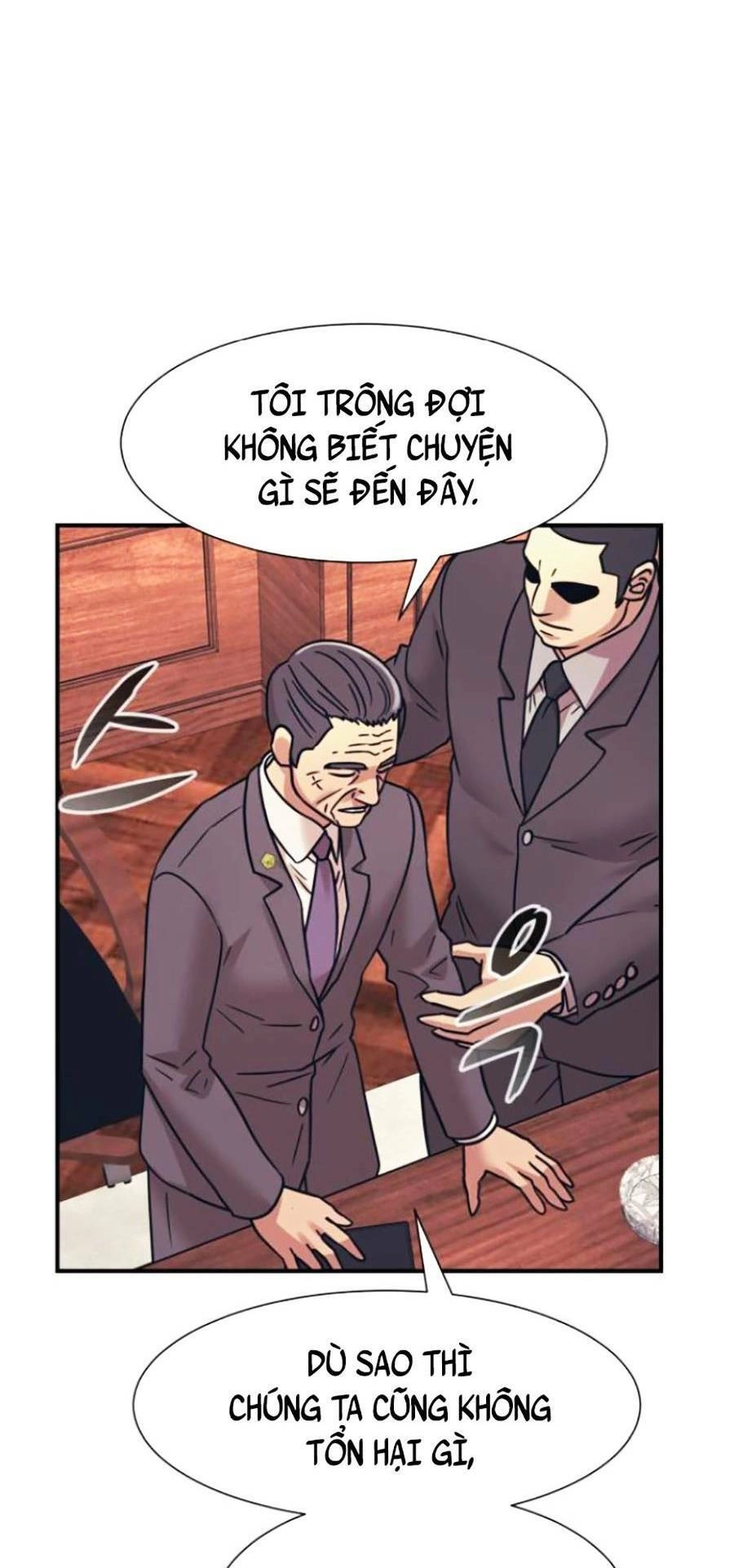 Bản Ngã Tối Thượng Chapter 35 - 95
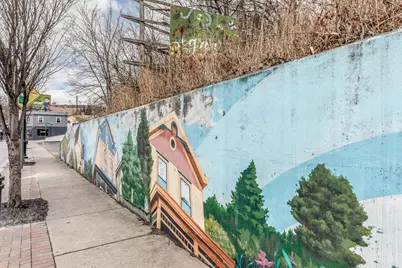 431 Tusculum Avenue, Cincinnati, OH 45226 - Photo 38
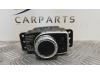 Mercedes-Benz A (W176) 1.8 A-200 CDI 16V I-Drive knop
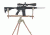 Caldwell DeadShot FieldPod,Max 488029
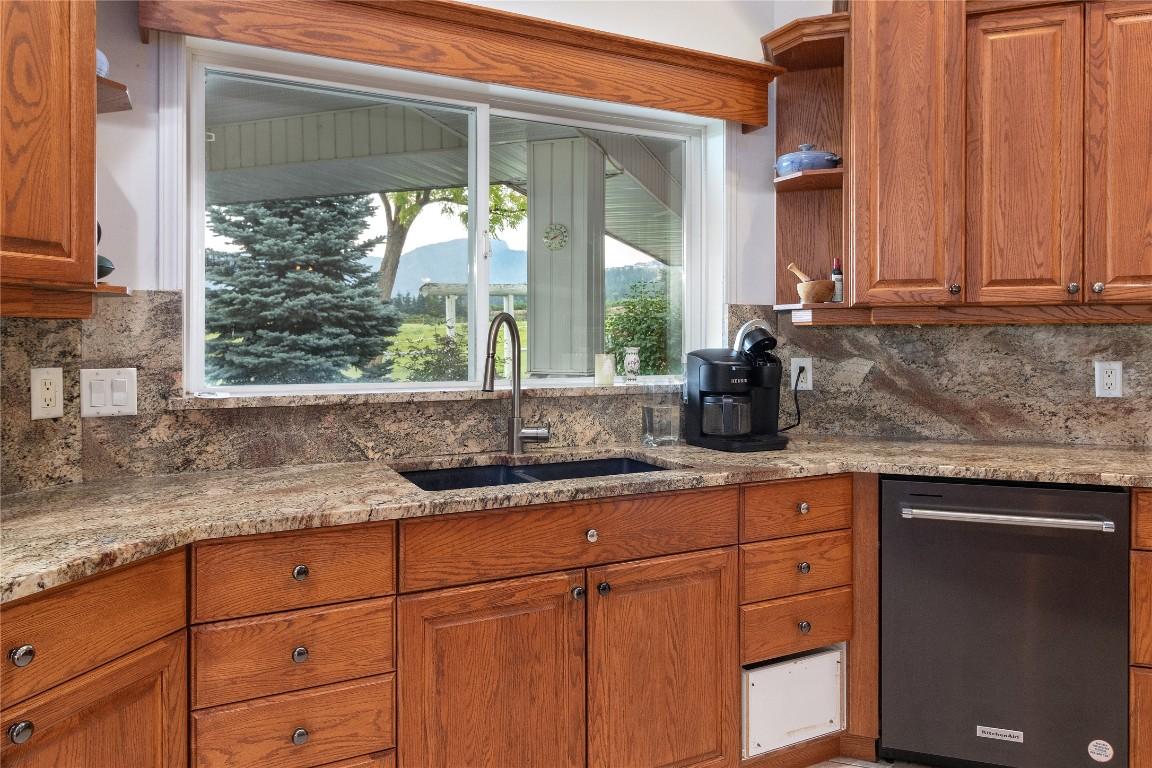 









2457


Belgo

Road,
Kelowna,




BC
V1P 1E2

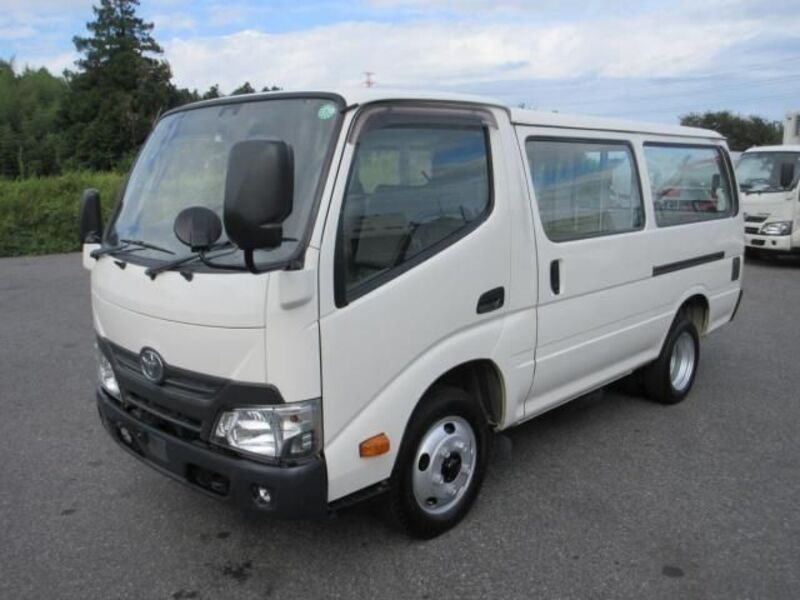 TOYOACE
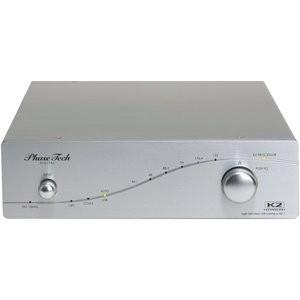 Phasemation USBオーディオインターフェース D/Aコンバーター HD-7A 新品 送料...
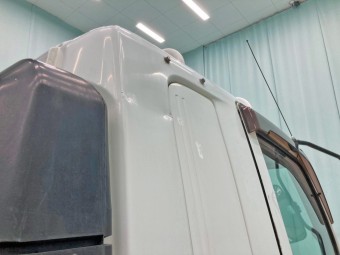 サムネイル 51枚目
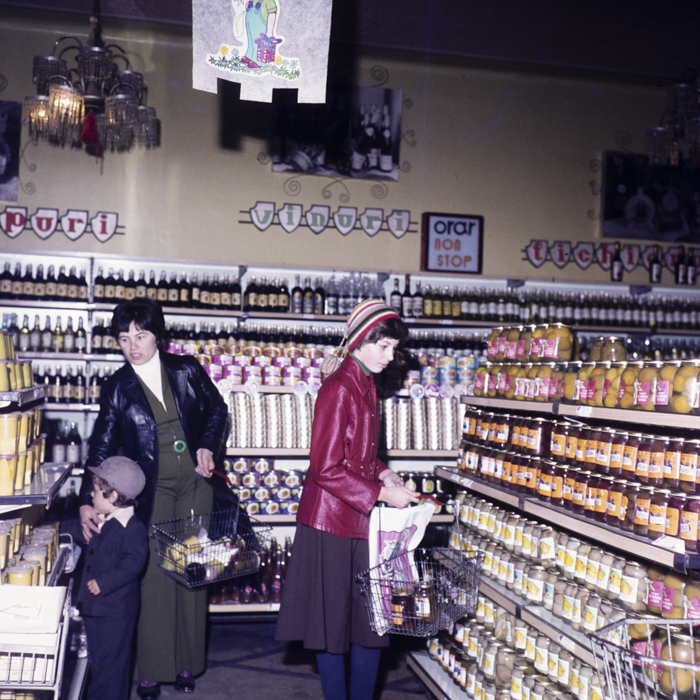 minerva_dn_1980_2468_medias_001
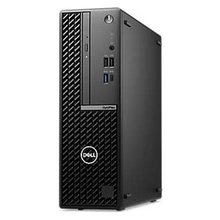 Dell OptiPlex 5040 21.5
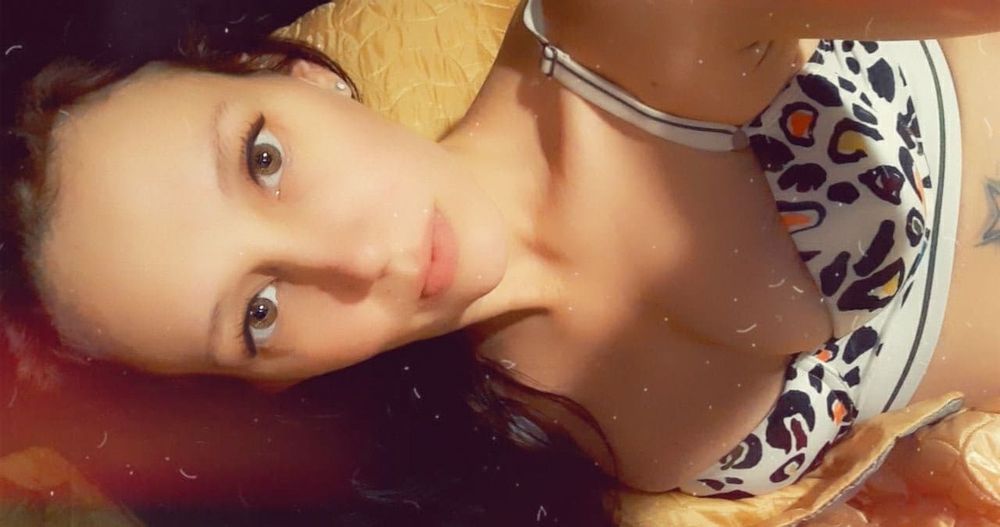 hotcrystal OnlyFans profile picture
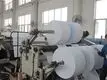 Custom Printed Thermal Receipt Paper Different Sizes Are Acceptable. by Easy Stick 2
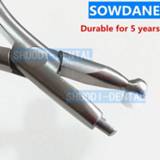 👉 Make-up remover Dental Orthodontic Adhesive Removing Plier Instrment Tool Bonding Remove Forcep Dentist Surgical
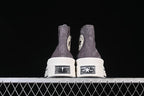 Converse Chuck 70 DRKSHDW High-Top Platform Sneakers A06755C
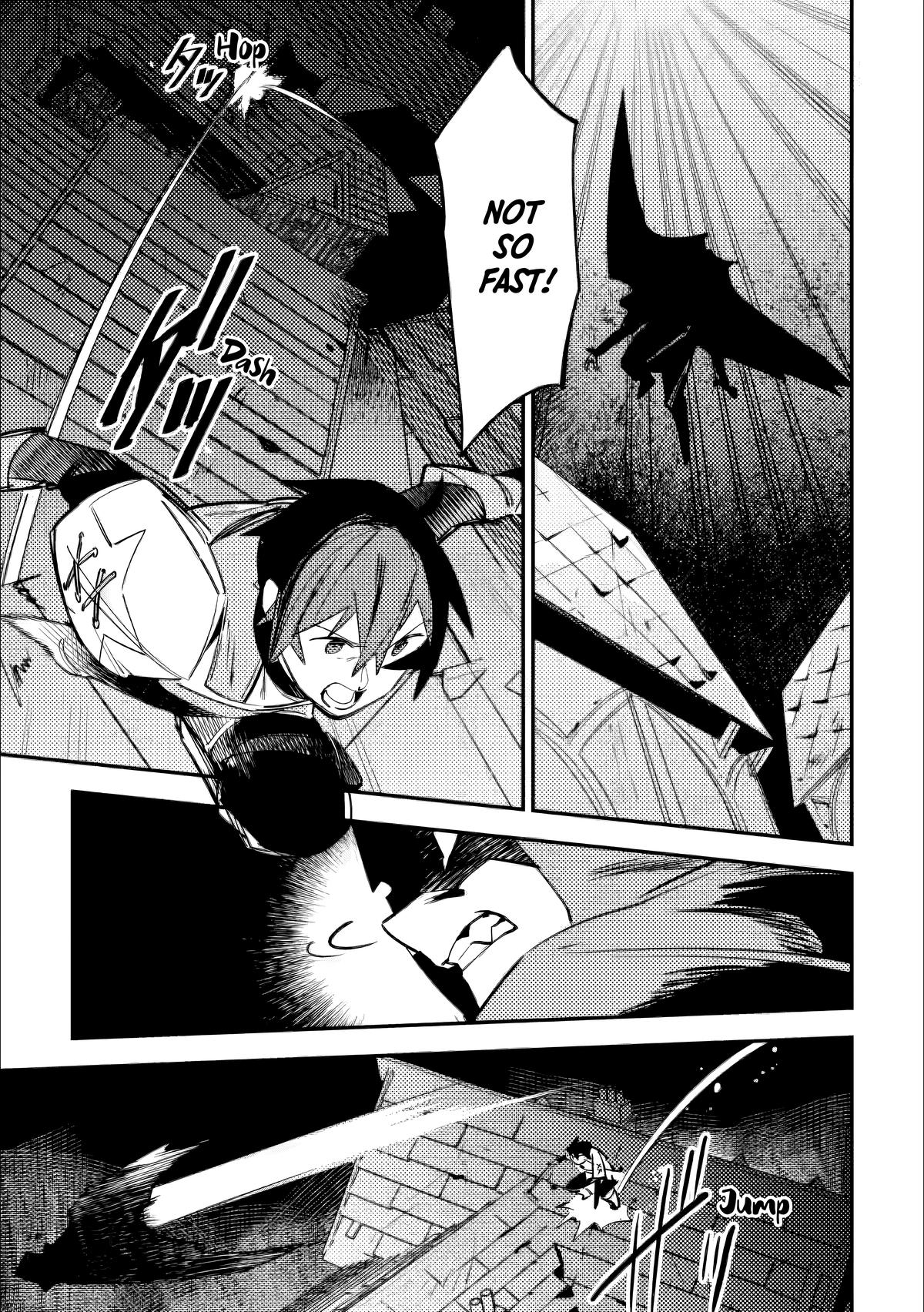 Page 6 of Chapter 6.1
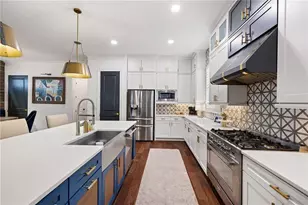 209 Highland Pk Pt, Woodstock, GA 30188 - Photo 23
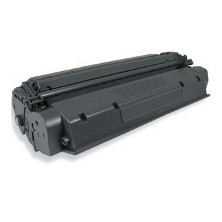 Q2624A Toner HP Compatible Negro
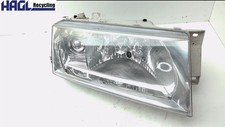 Scheinwerfer komplett Rechts 1U1941016K Skoda Octavia 1.6 Combi 1U Kombi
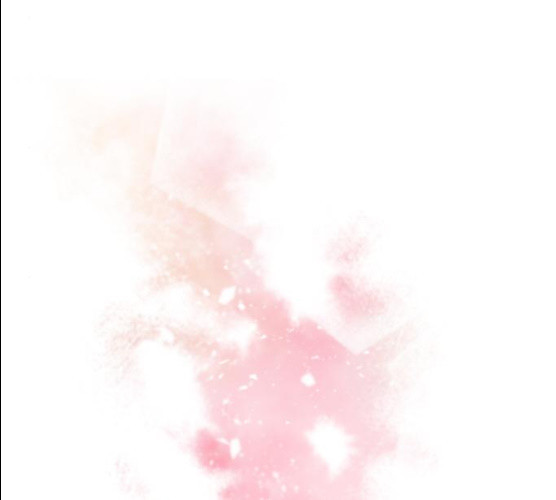 1625797101466.jpeg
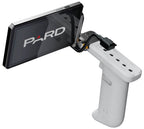 Poignée moniteur pour monoculaire PARD PARD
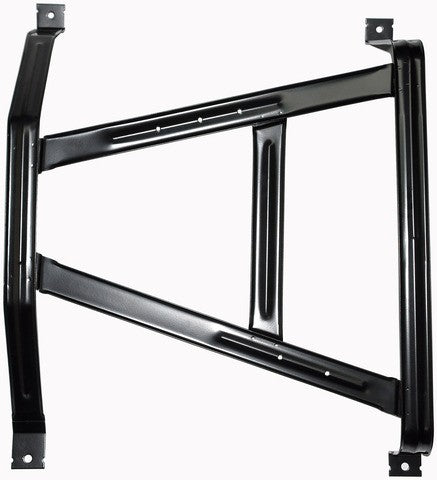 Fuel Tank Strap Dorman-OE Solutions 578-307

----

#### EXERCISE DIRECTIONS:
Nothing but the pictures is to be left out; repeat the data exactly.

#### ANSWER SECTION:
 Bản Ngã Tối Thượng Chapter 35 - 95
 431 Tusculum Avenue, Cincinnati, OH 45226 - Photo 38
 Mercedes-Benz A (W176) 1.8 A-200 CDI 16V I-Drive knop
 Caldwell DeadShot FieldPod,Max 488029









2457


Belgo

Road,
Kelowna,




BC
V1P 1E2

 TOYOACE
 Phasemation USBオーディオインターフェース D/Aコンバーター HD-7A 新品 送料...
 サムネイル 51枚目
 minerva_dn_1980_2468_medias_001
 Dell OptiPlex 5040 21.5
 hotcrystal OnlyFans profile picture
 Custom Printed Thermal Receipt Paper Different Sizes Are Acceptable. by Easy Stick 2
 👉 Make-up remover Dental Orthodontic Adhesive Removing Plier Instrment Tool Bonding Remove Forcep Dentist Surgical
 Converse Chuck 70 DRKSHDW High-Top Platform Sneakers A06755C
 Page 6 of Chapter 6.1
 209 Highland Pk Pt, Woodstock, GA 30188 - Photo 23
 Q2624A Toner HP Compatible Negro
 Scheinwerfer komplett Rechts 1U1941016K Skoda Octavia 1.6 Combi 1U Kombi
 1625797101466.jpeg
 Poignée moniteur pour monoculaire PARD PARD
 Fuel Tank Strap Dorman-OE Solutions 578-307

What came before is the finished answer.